Until now, some eleven years later.

I had gone to the fabric shop on the way home from school on Friday, and yes–the hot pink with the purple dots didn’t work as well as the Kaffe Fassett Stencil fabric, in two-tones of green.  I liked it . . . but I didn’t love it.  And remembering what Elinor and Bert and others had said, I knew it had to sing to me.  I didn’t touch the quilt all weekend.  I would walk in and out of the studio, did a day’s work on grading and lesson prep, ignored it, studied it.  I unfolded the half-stars, arranged them all neatly and went to bed Saturday night.

I awoke Sunday morning, and I remembered that deep in one of my closets were these pieces of yukata, so I pulled them out.  They were “flat” visually, and I had four small pieces in various shades of green.  I slapped them up on the wall, just before we went to church, snapping a picture to show Tracy at church (another quilter).

Yukata slapped up on wall, underneath scrappy stars

When I got home, I looked at it again.  I’ll have to fussy cut, so as to avoid the big blotch of white, and to strategically position the other parts, but it just might be the fabric that works.  I can fill in with the other domestic pieces of fabric, for this is, at heart, a quilt based on scraps.  And the lesson from this is–trust your stash, and your heart.  Buy when you can, and don’t hesitate to save fabric bought on a rainy day for eleven years.

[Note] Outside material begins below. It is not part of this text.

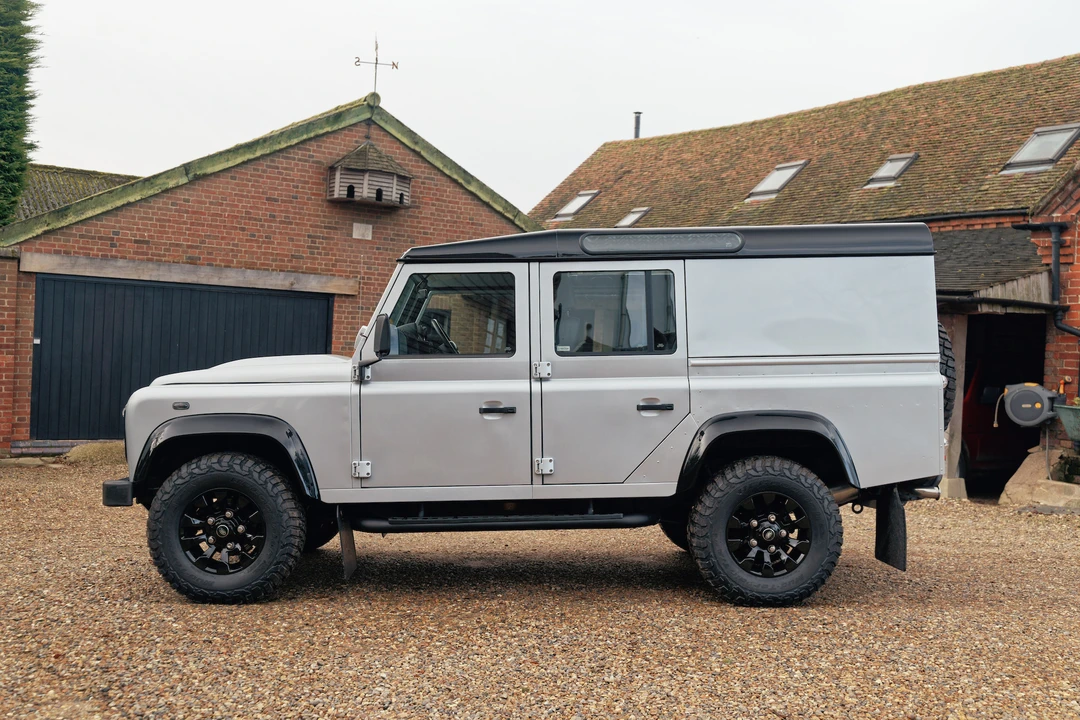 2010 Land Rover Defender 110 - Image 9 of 31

5 thoughts on “Journey to Japan

  1. Hey babe I am in favor of using the Japanese pieces as they create a great flavor and tell a goo story and they are you in the moment. Yes on the fussy cutting the white has a loud voice. Japan was the most foriegn place I have ever been. I went there to teach and to bring an exhibit of dolls to their International quilt show. It was an incredible experience. My translator is coming to visit me this summer with her little family. I would love to tempt you to come to the journaling workshop that I am giving in July. The gal who I am teaching with is an excellent watercolor artist and we have some mind bending things planned. Just a mild irritant to add to all your choices. Love epb

  2. love the green on the background – works beautifully – i loved japan – i went 3 times for work – only really saw tokyo and kyoto – next time i want to get to osaka – and i want to take my husband with me – he’ll love it……..and i think i recognise that shopping arcade – was it in asuka?

  3. I was thinking more about your quilt in the shower the other day. Is that too much info? 😉 And I decided that it wasn’t that the green was a great color (although I think the Japanese prints are beautiful) it was the fact that the green was bright and read like a solid that made it work and stand out against the stars. I think you have a good thing going with the Japanese fabrics. They are beautiful and aren’t so busy that they will overwhelm the stars. I can’t wait to see the finished product!
    -Love your obsessive-quilts-on-the-brain-reader 🙂

  4. Krista: I’m totally with you on the chartreuse. I think the Japanese fabric will bring a very interesting element to the quilt–and always remind you of good memories.

    A journaling conference with epb. that sounds so fascinating and interesting.